Scott added about unicode support:
The new gtk (2) has good unicode support. I'm not sure how that's
addressed in lablgtk (2). Tk works with unicode, but labltk does
not. It is possible to hack labltk to do this, but it's _very_ ugly
(trust me I've done it)
Sven Luther also added:
lablgtk2 does also support SVG graphics now, and the AA fonts are really
worth it.
======================================================================
4) camomile-0.3.1 is released
----------------------------------------------------------------------
Yamagata Yoriyuki announced:
camomile-0.3.1 is released. camomile is a Unicode library for ocaml.
This release is mainly for for bug fixes and minor improvement. The
changes from the previous release are
* CharEncoding:
- Bug fixes for ISO-2022-*
- Interface for automatic detection of encodings.
- GB18030 support
- Improvement of internal data structure (using less space)
* UCol:
- Incremental comparison
* Performance improvement of collation rule compiler.
Download:
http://prdownloads.sourceforge.net/camomile/camomile-0.3.1.tar.bz2
For the general information, see http://camomile.sourceforge.net
======================================================================
5) Using zippers to handle huge trees
----------------------------------------------------------------------
Diego Olivier Fernandez Pons gave a long lecture with some code:
Zippers are a simple way to handle huge (in fact infinite) trees.
1. Explanation of zippers
2. Related work
3. Examples of code
1. Explanation of zippers
Zippers may be seen as 'functional pointers' since they offer :
- purely functional and typed operations
- O(1) acces to the pointed element
- O(1) pointer movements
The restrictions are that only one pointer is allowed by data
structure and every pointer movement allocates memory.

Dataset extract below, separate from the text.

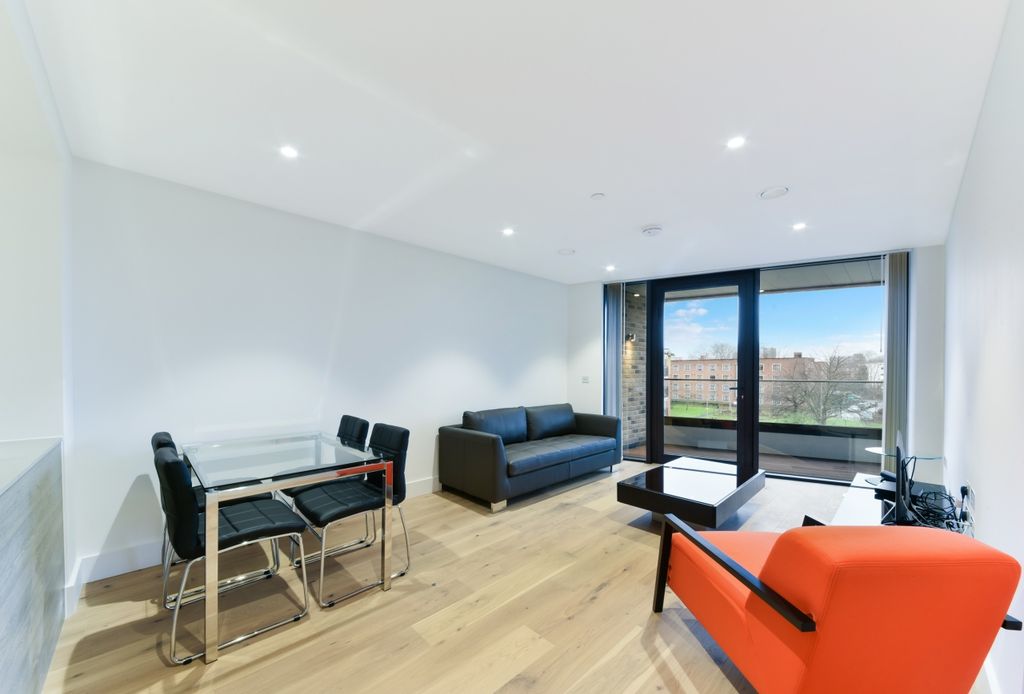 Property photo 1 of 14 Fiftyseveneast, King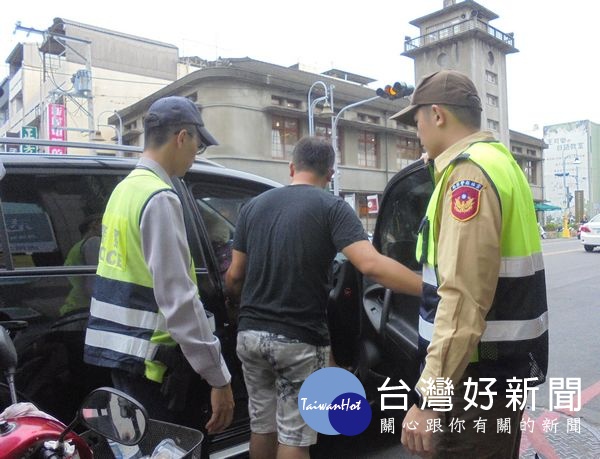 虎尾所警員陳敬文、替代役王健玟巡勤時發現迷途長輩,積極協助尋訪家屬,幫助老婦平安返家。(記者陳昭宗拍攝)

Take a classical type declaration for binary search trees
type 'a tree = E | N of 'a tree * 'a * 'a tree * int
Consider a binary search tree and an inner node to which you want to
point. To have a 0(1) acces to the pointed subtree, it has to be
directly available from the base of the data structure. Then, the
rest of the tree must be kept in a separate place. We will deconstruct
it along the path from the root to the pointed node
type 'a path =
| Root
| Left of 'a * 'a tree * 'a path
| Right of 'a tree * 'a * 'a path
type 'a zipper = 'a tree * 'a path
The zipper contrains as annouced :
- the pointed subtree
- the rest of the tree breaked along the path to the root
Then we define the pointer movements (one for each pointer in the data
structure) :
exception Bottom
(* To be replaced by a balancing constructor *)
let makeDTree = fun l v r -> N (l, v, r, 0)
let move_left = fun (tree, path) ->
match tree with
| E -> raise Bottom
| N (l, v, r, _) -> (l, Left (v, r, path))
let move_right = fun (tree, path) ->
match tree with
| E -> raise Bottom
| N (l, v, r, _) -> (r, Right (l, v, path))
let move_up = fun (tree, path) ->
match path with
| Root -> raise Top
| Left (v, r, tail) -> (makeDTree tree v r, tail)
| Right (l, v, tail) -> (makeDTree l v tree, tail)
Now we can build an arbitrary large tree by the following procedure :
- build a tree of bounded depth
- choose the node which will be developped next
- move the current pointer to that node
- continue building the tree
This procedure uses a bounded stack space
2. Related work
Zippers were invented by Gérard Huet. There is a paper on the JFP
G. Huet. The Zipper. J. Functional Programming, 7 (5), Sept 1997, pp. 549--554.
He uses n-ary trees and binary trees in his examples. The main
difference is that in binary trees the pointers are not organized in
the same way (his 'left' operation is what in Baire is (left o up))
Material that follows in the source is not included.